同刻、自宅に戻ってパソコンで情報収集をしているアーカイヴは、黒マントではなくカジュアルな服装でデスクワークをしていたのである。
「あの現象が何かを突き止めない限りは、ヴァーミリオンを使い続けるのは危険か―」
そんなな中で、アーカイヴがたどり着いたのはリニューアルオープンしたばかりのアカシックレコードサイトだった。
【4つのアカシックレコードへアクセス可能なARウェポン、そのエネルギー源となるのは通常のARウェポンで使用されているソーラーバッテリーとは違う】
この記述を見て、アーカイヴは驚いた。説明書を読んでいなかったという事もあるが、ARウェポンは太陽電池で動いていたのである。

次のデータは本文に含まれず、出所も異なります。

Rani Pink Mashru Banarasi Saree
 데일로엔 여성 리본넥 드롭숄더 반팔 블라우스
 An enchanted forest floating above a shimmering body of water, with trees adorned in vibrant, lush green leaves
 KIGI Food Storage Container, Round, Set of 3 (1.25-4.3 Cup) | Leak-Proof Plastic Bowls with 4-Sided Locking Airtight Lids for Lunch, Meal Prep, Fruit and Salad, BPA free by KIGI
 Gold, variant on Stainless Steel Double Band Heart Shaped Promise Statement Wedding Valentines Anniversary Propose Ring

【そして、エクシア、ヴァーミリオン―の4つに関しては特殊な太陽電池を使用している。それは、超有名アイドルサイドが求めている永久機関や賢者の石に等しい物かもしれない】
そして、続きの記述を読んで行く内に今回のオーバーヒートに似た現象の正体が判明した。
「アカシックバーストを使えばエネルギー消費が激しくなると言う事か。そして、それを充電する手段は―」
彼は悩んだ末に、とある人物を訪ねて見る事にした。アンテナショップでは電池切れとしか分からなかった機能停止の原因を突き止められると信じて。